The telegram of October 8, 1938, from yourself and Dr. Mann on the refugee situation in Czechoslovakia, has been received and carefully studied. I can assure you that we in the Department are following sympathetically the course of events in Central Europe, but I must add that in as much as the decisions of the Czechoslovak Government do not directly affect American interests or citizens we are not in a position to take any action in the matter.3

This indifference on the part of the international community must have had a strong impact on Kohner’s resolve to alleviate the deteriorating refugee crisis. However, it was not until the barbarities of Reichskristallnacht on November 9 had made headlines around the world that President Roosevelt publicly attacked Nazi Germany for the first time.4

By this time, of course, the EFF had already been founded and its incorporation was well under way. Besides, even though after the events of Reichskristallnacht the attitude of the international community - notably that of the US - towards Nazi Germany was beginning to toughen, little changed in terms of the strict quota regulations which allowed only a certain number of immigrants by country to enter the US legally. These regulations, operative in 1938, had originated in a revision of the US immigration laws dating back to 1924, when on the instigation of Captain John B. Trevor, they were revised and based on a national origins plan with the aim of keep the ’US population as close to the Anglo-Saxon model as possible’ (King 2000: 211). As a result, the quota for German immigrants - which naturally included Germany’s Jewish population - dropped from ‘61.227 to 23.428’ (King 2000: 209).5 However, it is widely known that even this lowered quota was not filled in 1938.6 On Roosevelt’s instigation, the US Secretary of State, Cordell Hull, recalled the American ambassador to Germany, Hugh R. Wilson, in response to the events of Reichskristallnacht.

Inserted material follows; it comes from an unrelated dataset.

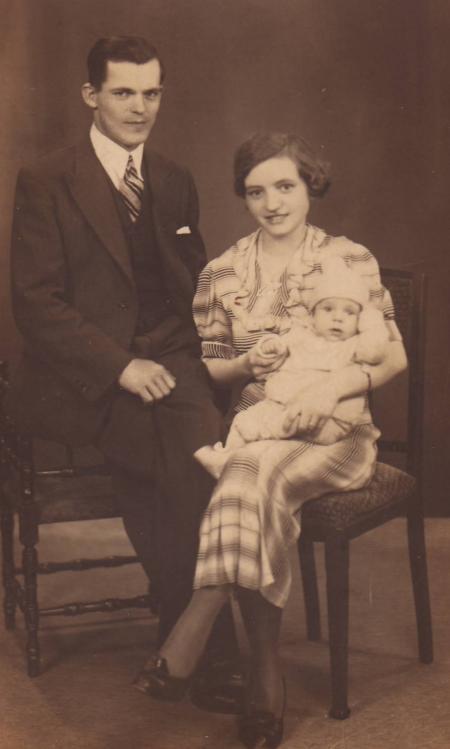 Gerrit van Wieringen(1908-1988), Maria Henrietta Kuijpers (1917-1955) en hun eerste kind, 1939. Kinderen 1 ste huwelijk: 1. Petrus Gerardus Andreas van Wieringen, geb. Blerick 4-2-1939, volgt XIVkk.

On the question of the easing immigration laws, Peter Gay has observed that ‘[Roosevelt] announced that he would not ask for what he could not get.7 Public opinion was ill-informed, still strongly isolationist, only too indifferent to crises far away’ (Gay 1998: 145). Gay’s observation is underpinned by Palmier, who claims that, ‘the Roosevelt administration found itself stymied [by] public opinion [which] was hostile to Nazism but strongly anti-interventionist’ (Palmier 2006: 459). Even prior to Reichskristallnacht individuals and organisations nonetheless pleaded with the US government to toughen its stance towards Nazi Germany and to alleviate the plight of the German Jews. Dated 11th August, 1938, the following letter was written jointly by William Weiner and Ephraim Schwartzmann of the Jewish Peoples Committee to Stanley Hornbeck, chief of the Division of Far Eastern Affairs at the State Department:

We are sending to you an appeal on behalf of our people who are being subjected to such persecutions by the Nazis the likes of which have not been known since the dark ages.

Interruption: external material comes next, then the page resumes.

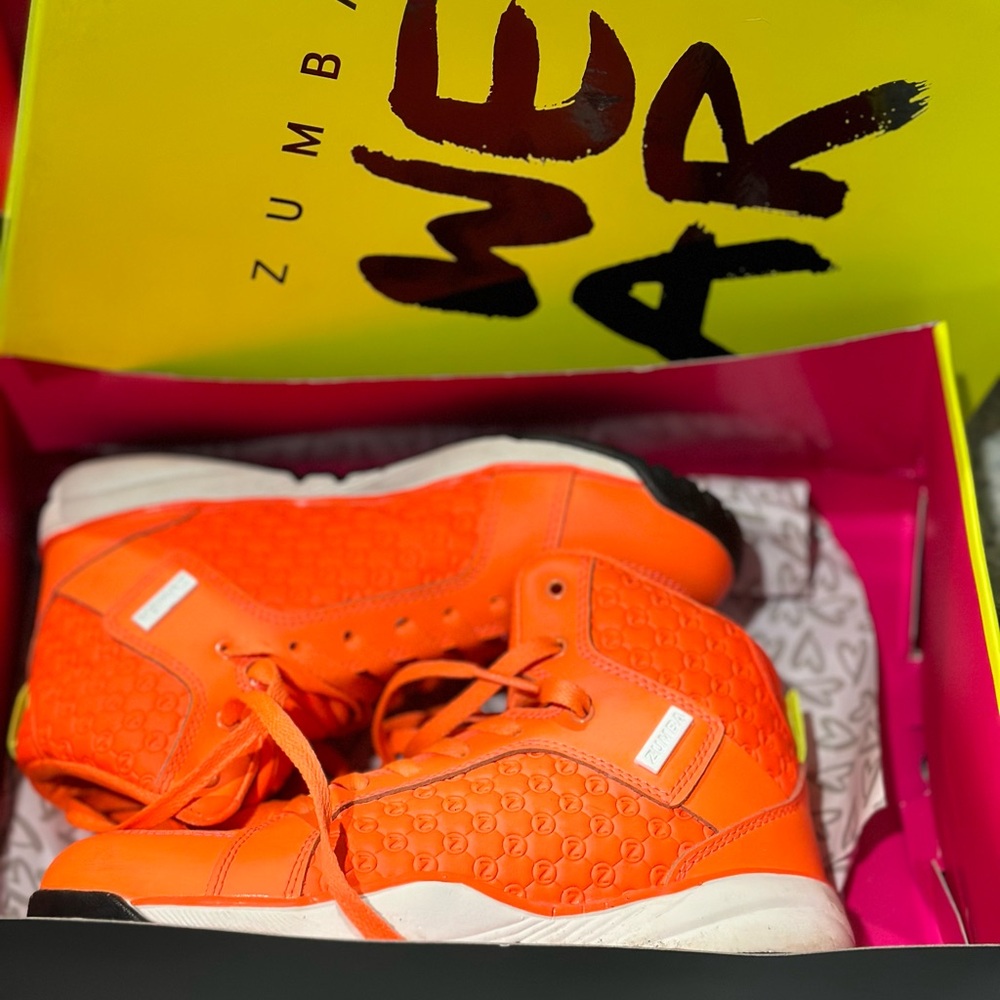 Zumba Energy Boss, orange  Size 7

We ask you to let your voice be heard in unison with the voices of a thousand American leaders to whom we are also sending this appeal. We hope our request will receive your endorsement [,..].8 In a similar appeal, 450 Jewish craftsmen from Vienna turned to President Roosevelt in a telegram from 10th October 1938:

[...] In the evening of 19th of August this year the Israelite Community asked us via telegram to report to them immediately regarding emigration to Colombia. We were overjoyed [and] in view of the short notice, we have sold all our belongings for a song in order to raise money to buy things we may need in our new home. We used up all our money, the tickets for the passage were paid for by the [Israelite] Community [...] Now we have learned that the Colombia plan has been called off due to visa problems. Can you imagine what this means for us, Mr. President?

We no longer have any possessions, no longer any home, no prospective country that would have us, every illusion destroyed, no more resources or means of income, all we have to rely on is the small support given to us by the Community.

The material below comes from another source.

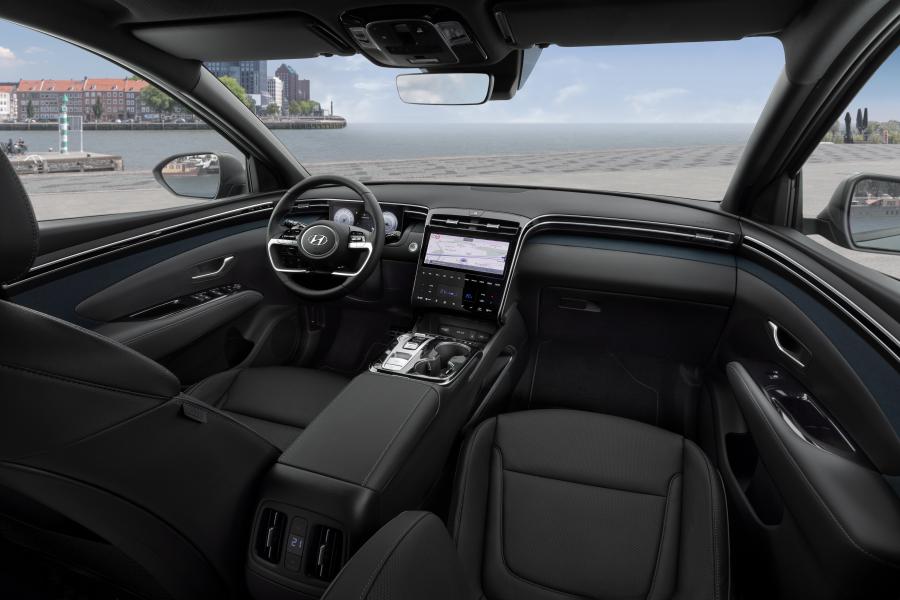 Интерьер Hyundai Tucson Hybrid (NX4) 2021 года  (фото 4 из 11)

In our utmost desperation we summoned the courage to turn to you, Mr. President, asking you to help us obtaining visas for any country of the world, where we, as craftsmen, will be able to make an honest living to support us and our families.

We are willing and able to work and also pledge to [...] submit references that prove that we are certified craftsmen and that many of us have been working in their professions for decades.

The passages and entry payment would again be paid by the Community. Dear Mr. President, we urge you to help us, help us quick. We have set all our hopes on you - this great and humane man in the US - who has a heart for everybody and who, perhaps, can even relate to our fate [...].9

This plea gives evidence of Nazi chicanery, as well as the desperate situation the Jews found themselves in. It also testifies to the reputation for beneficence President Roosevelt enjoyed, particularly among the dispossessed and underprivileged, a reputation which in hindsight does not seem entirely justified. To quote Penkower, ‘the individual in whom the Jews placed their greatest trust also failed to seize the hour’ (Penkower 1983: 95).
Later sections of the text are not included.